A large number of businesses fail primarily due to lack of funds. The journey of converting an idea into a profitable business requires capital. Therefore, most entrepreneurs are constantly trying to find ways to raise money for their businesses.
The fund requirement may vary according to the nature of the business. However, here are three ways that are beneficial in raising the required funds.
- Bank loans
Most owners consider banks when they wish to avail of a loan for business. Banks offer working capital loans. Working capital is the amount that is needed to smoothly run the regular business operations. The loan amount for meeting these expenses depends on the outstanding debtors’ balance and inventory. Bank funding requires entrepreneurs to submit a detailed business plan along with a project report and valuation. Based on this information, the bank may sanction an SME loan for the business.
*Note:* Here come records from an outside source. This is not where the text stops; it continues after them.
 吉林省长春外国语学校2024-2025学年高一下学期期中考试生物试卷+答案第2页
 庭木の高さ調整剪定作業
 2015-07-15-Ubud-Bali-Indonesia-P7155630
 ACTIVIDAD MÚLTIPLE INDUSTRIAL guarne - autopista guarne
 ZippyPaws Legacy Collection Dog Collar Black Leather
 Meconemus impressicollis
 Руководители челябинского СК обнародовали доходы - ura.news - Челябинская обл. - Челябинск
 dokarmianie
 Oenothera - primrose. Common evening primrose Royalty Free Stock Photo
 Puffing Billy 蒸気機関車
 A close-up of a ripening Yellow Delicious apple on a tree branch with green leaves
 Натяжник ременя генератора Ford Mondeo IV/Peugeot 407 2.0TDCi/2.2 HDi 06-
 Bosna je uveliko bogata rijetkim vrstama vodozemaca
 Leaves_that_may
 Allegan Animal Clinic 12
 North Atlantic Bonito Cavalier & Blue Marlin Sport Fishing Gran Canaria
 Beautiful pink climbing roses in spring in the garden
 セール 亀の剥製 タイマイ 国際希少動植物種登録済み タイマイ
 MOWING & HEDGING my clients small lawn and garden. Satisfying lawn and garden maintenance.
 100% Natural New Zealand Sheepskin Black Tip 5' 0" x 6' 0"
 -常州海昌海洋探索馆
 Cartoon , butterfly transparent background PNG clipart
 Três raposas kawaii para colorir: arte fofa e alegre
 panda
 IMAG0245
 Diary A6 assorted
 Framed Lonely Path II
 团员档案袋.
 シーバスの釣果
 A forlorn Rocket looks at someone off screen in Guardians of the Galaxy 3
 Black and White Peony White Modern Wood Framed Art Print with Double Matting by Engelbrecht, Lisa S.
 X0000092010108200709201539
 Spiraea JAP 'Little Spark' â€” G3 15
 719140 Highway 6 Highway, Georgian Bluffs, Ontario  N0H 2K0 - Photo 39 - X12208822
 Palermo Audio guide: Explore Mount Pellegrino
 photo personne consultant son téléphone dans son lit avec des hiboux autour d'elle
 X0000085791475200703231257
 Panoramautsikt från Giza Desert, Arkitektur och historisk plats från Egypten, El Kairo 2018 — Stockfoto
- Other institutions Qualifying for a bank loan is difficult for small businesses. Another option available for such entrepreneurs is microfinance from institutions. Non-banking financial companies (NBFCs) and other microfinance companies provide secured loans like loan against property (LAP). These prove to be especially useful to business owners who want to borrow large amounts. Furthermore, such institutions offer other SME financing to business owners who are unable to tap regular bank loans.
- Unsecured business loans
Firms with good credit history may opt for unsecured loans. Since the lenders assume greater risk due to no collateral, the unsecured business loan interest rate is high. Such loans are sanctioned on the basis of capital, conditions, character, collateral, and capacity of the borrowers. These factors help lenders determine the willingness and capability of the entrepreneurs to repay the loan. Several financial institutions like Capital First provide business loans without any collateral for businesses that require quick funds to purchase raw materials, machinery, and other such things. Unlike banks, they take into consideration only cash flow of business instead of profit of company.
Entrepreneurs have several options to raise capital finance. However, understanding the pros and cons of each available choice before making a decision is important to sustain the business in the long run.